This is inspired by the recent thread I started on the decision to withdraw six Dr. Seuss books from publication. The gist of that was that the books in question – published from 1937 to the 1960s – had depictions of Chinese, Middle Eastern, African, and other people that are, to modern eyes, grossly unacceptable stereotypes. They have been all along, of course, but they weren’t seen that way when originally published. There has been a lot of “consciousness-raising” since then, with more cionsideration given to the attitudes of others and the way these things look to those who were not the intended audience. That these caricatures weren’t intended to be insulting is true, but the point is that they are, of course.

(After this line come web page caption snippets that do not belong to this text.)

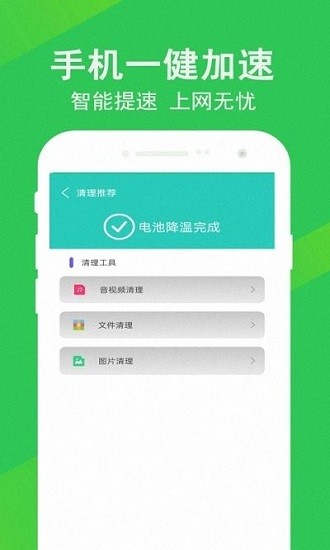 清理大师先锋官方版宣传图1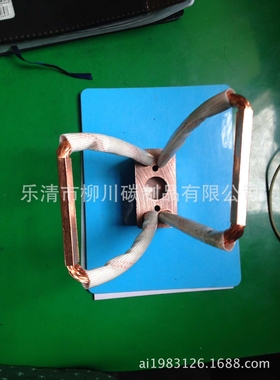 碳刷 电刷 J164 36*42*70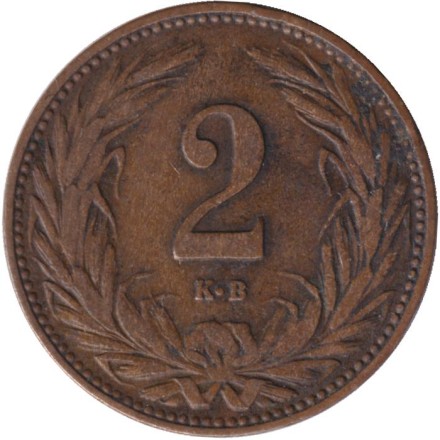 Монета 2 филлера. 1909 год, Австро-Венгерская империя. Венгерский тип. Монета 2 филлера. 1909 год, Австро-Венгерская империя. Венгерский тип.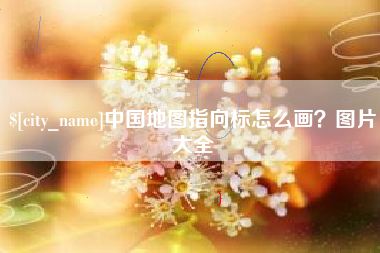 霸州中国地图指向标怎么画？图片大全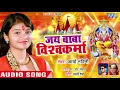 Download Lagu जय बाबा विश्वकर्मा || Arya Nandani || Jai Baba Vishwakarma || Vishwakarma Puja Songs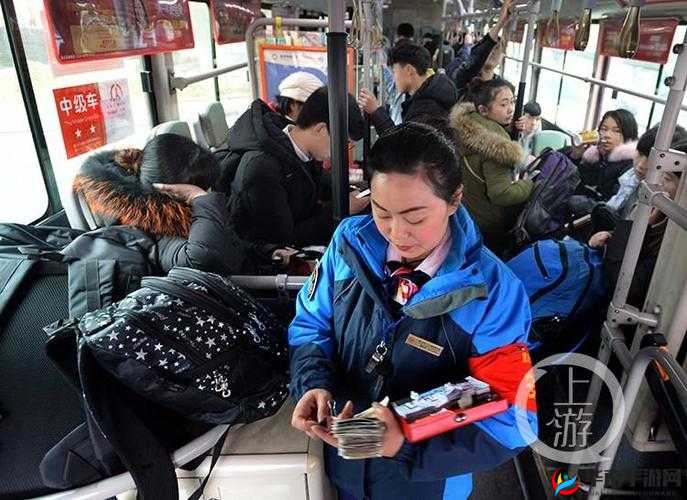 公交车上售票员凭 b 验票免费举措引关注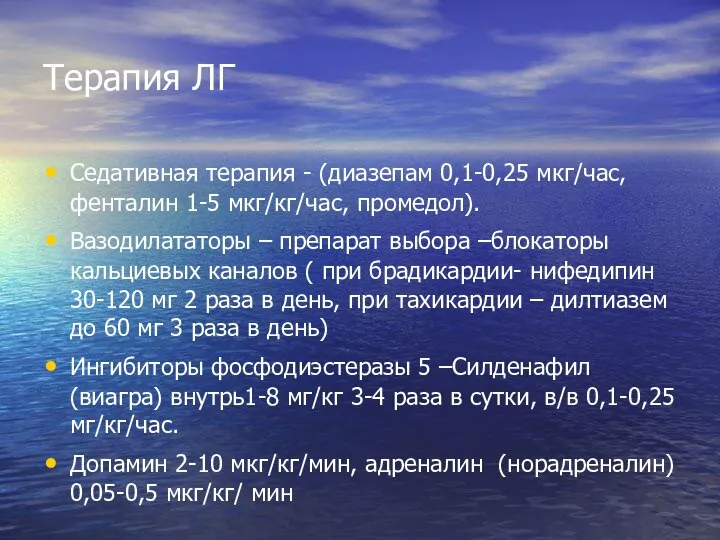 Терапия ЛГ Седативная терапия - (диазепам 0,1-0,25 мкг/час, фенталин 1-5 мкг/кг/час,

What surprises me is how similarly racist cartoons and comic books in the 1960s were, when I was growing up. And were just as blithely accepted, at least at first.
not always, though. The Pillsbury Funny Face Drink characters Chinese Cherry and Injun Orange were almost immediately protested, and soon changed to Choo Choo Cherry and Jolly Olly Orange.
Similarly, the Frito Bandito was replaced by W.C. Fritos, but not until he’d been around for a few years.
What I’m thinking about were mainstream comics, which got away with surprisingly racist images.
Consider Detective Comics 383 from 1969:
The interior art is similar.
There’s an Adventures of Jerry Lewis 103 from 1967 in which Jerry Lewis meets Genghis Khan (Really. Well, it turns out he just thinks he’s Genghis Khan…) that is similarly embarassing today. The cover doesn’t show this, but the interior art is pretty damning. The punch line at the end is “You round-eyed guys all look alike to me!” Jerry Lewis himself doesn’t deserve any flak for this – he simply licensed his name and image to DC, and the comic book had been coming out since the early 1950s.
Green Lantern had a character named “Pieface”, who was Hal Jordan’s confidante and knew his secret identity. He was an Inuit (they called him “Eskimo”, of course), but he was colored school bus yellow, and I didn’t know “pieface” was a racial slur against mainly Asian people. I’d never heard it used before, but I knew it didn’t sound like a good thing.
http://www.thegeektwins.com/2011/05/controversy-over-hal-jordans-buddy.html
Another DC character was Chop-Chop, the Chinese member of the Blackhawk team. It bothered me that he was a.) much shorter and b.) dressed in a completely different costume than the rest of the Blackhawks. And he didn’t seem to have his own plane. Apparently his real name was Wu Cheng, but I don’t recall reading that in the omics
It’s a good thing I didn’t know how he was drawn in the earlier days – he was an outright ridiculous comic sidekick
Then there was “Cholly” (obviously “Charlie” with the stereotypical “Chinese accent”, Mr. Magoo’s “houseboy” in some cartoons and in the syndicated comic strip:
A “Houseboy” of Asian ancestry must have been a West Coast thing, because Mr. Gregg (John Forsythe) had one on the TV show Bachelor Father
It always seemed weird to me as a kid. I didn’t know anyone who had a “houseboy”, and all of these “boys” seemed to be grown men. The term apparently originated in the British Empire for a native servant, not necessarily a boy
You can say that one of the main issues with such stereotypes is that they normalize such depictions and make them acceptable to the audiences. But what strikes me is that at least two of these cases – Chop Chop the odd Blackhawk and “houseboys” – struck me as particularly odd and definitely not normal.